A Causal World Model Underlying Next Token Prediction: Exploring GPT in a Controlled Environment
This work addresses the problem of understanding the internal representations of large language models for researchers in AI interpretability, though it is incremental in exploring causal interpretations.
The authors investigated whether GPT models, trained on next token prediction, implicitly learn a causal world model, and found that in controlled environments like Othello and Chess, the model generates legal moves for out-of-distribution sequences when a causal structure is encoded with high confidence.

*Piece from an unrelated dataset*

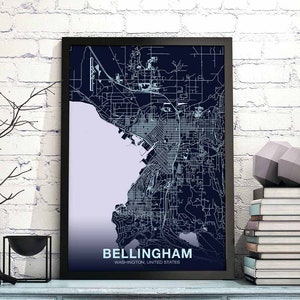BELLINGHAM Washington WA US map Night Blue poster colorHometown City Print Modern Home Decor Office Decoration Wall Art Dorm Bedroom Gift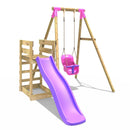 Rebo Wooden Swing Set plus Deck & Slide - Pluto Pink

Are generative pre-trained transformer (GPT) models, trained only to predict the next token, implicitly learning a world model from which sequences are generated one token at a time? We address this question by deriving a causal interpretation of the attention mechanism in GPT and presenting a causal world model that arises from this interpretation. Furthermore, we propose that GPT models, at inference time, can be utilized for zero-shot causal structure learning for input sequences, and introduce a corresponding confidence score. Empirical tests were conducted in controlled environments using the setups of the Othello and Chess strategy games. A GPT, pre-trained on real-world games played with the intention of winning, was tested on out-of-distribution synthetic data consisting of sequences of random legal moves. We find that the GPT model is likely to generate legal next moves for out-of-distribution sequences for which a causal structure is encoded in the attention mechanism with high confidence. In cases where it generates illegal moves, it also fails to capture a causal structure.